When any local union examines the number of grievances filed in a year, they usually report that most of the paperwork deals with the issue of discipline.

While we don't often challenge the right of management to issue rules, we are more likely to challenge the manner in which management enforces the rules.

In most cases of discipline, members have a right to a fair investigation and a hearing on the alleged infraction.

While details and procedures may differ in certain contracts, there are some basic rules which apply to all disciplinary hearings.

1. The member should always ask for union representation.

First and foremost, if a member is called into any labor-management meeting in which he or she feels that discipline may be assessed as an outcome of the meeting, they should ask for a union steward to be present.

This is right that a local union must make clear to its members.
Contracts and bargaining laws may differ as to how that right should be exercised, but the bottom line is that no member should go into this kind of meeting without union representation.

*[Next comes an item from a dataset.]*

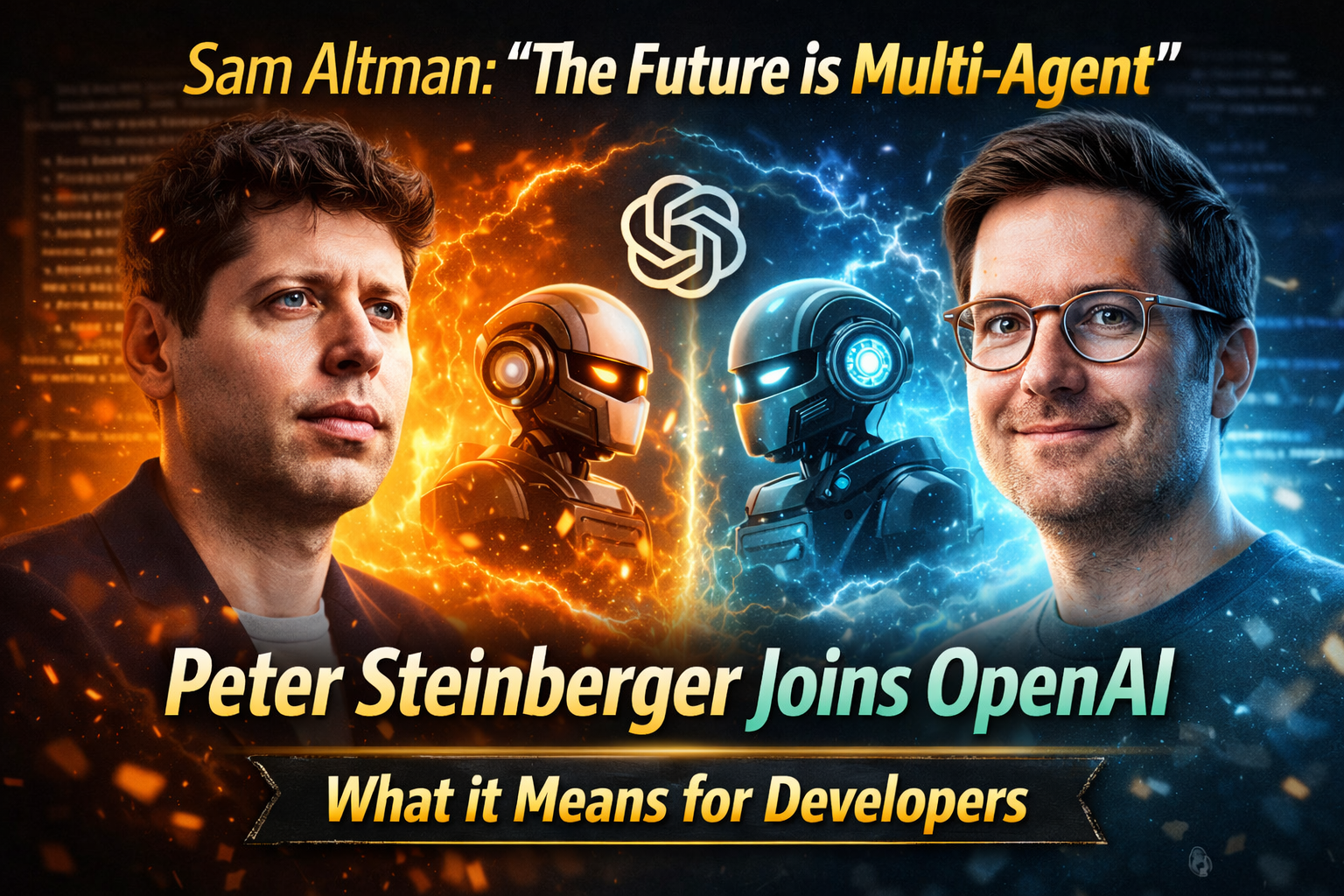 OpenAI just hired one of the most viral agent builders - Sam Altman: “The future is going to be extremely multi-agent”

Few members are well-versed in their contractual rights, work rules, and limitations on managements' rights as a union officer. A steward has protected rights at any labor-management meeting when acting as a union representative. A member does not. That means a steward can say things and act in the kind of advocacy role that a member cannot. And that role is protected usually by law and/or contract.

A steward has two key roles at any disciplinary hearing: (1) to protect the member, (2) to protect the union and the contract. These roles are inter-related.

2. What should the member do if the meeting is not a formal one?

Unfortunately, many meetings which result in discipline do not appear to be formal hearings when they start. A member might be pulled aside by a supervisor who asks, "Would you mind stepping into my office for a minute?"

A member should always question the nature of the meeting. "What's up?" is the usual response. A better answer might be, "I will comply with your request if you tell me what is the nature of the meeting." or "Sure, just tell me what's this all about."

If the supervisor's answer in any way indicates that the supervisor may be investigating an incident, reviewing a record, or if you feel that the meeting or its outcome in any way will take the direction of discipline, the member must ask to have a union representative present.

If the member is unsure of the content of the meeting, he or she should still ask for a union representative to be present. Denial of that request under certain laws and contracts is grievable and can (although not always) mitigate the discipline assessed over the alleged offense.

3. What should the steward do if the meeting has already started?

There will be times when the member does not exercise his or her right to representation at a disciplinary meeting. If the shop steward finds out and sees the supervisor's door closed, the steward should knock at the door and request that the supervisor inform the member that a union officer is outside waiting to sit in at the meeting.

If the request is denied, document the denial in writing and ask the supervisor to sign it. What you are doing is creating a record that the supervisor is denying the member his or her rights to representation.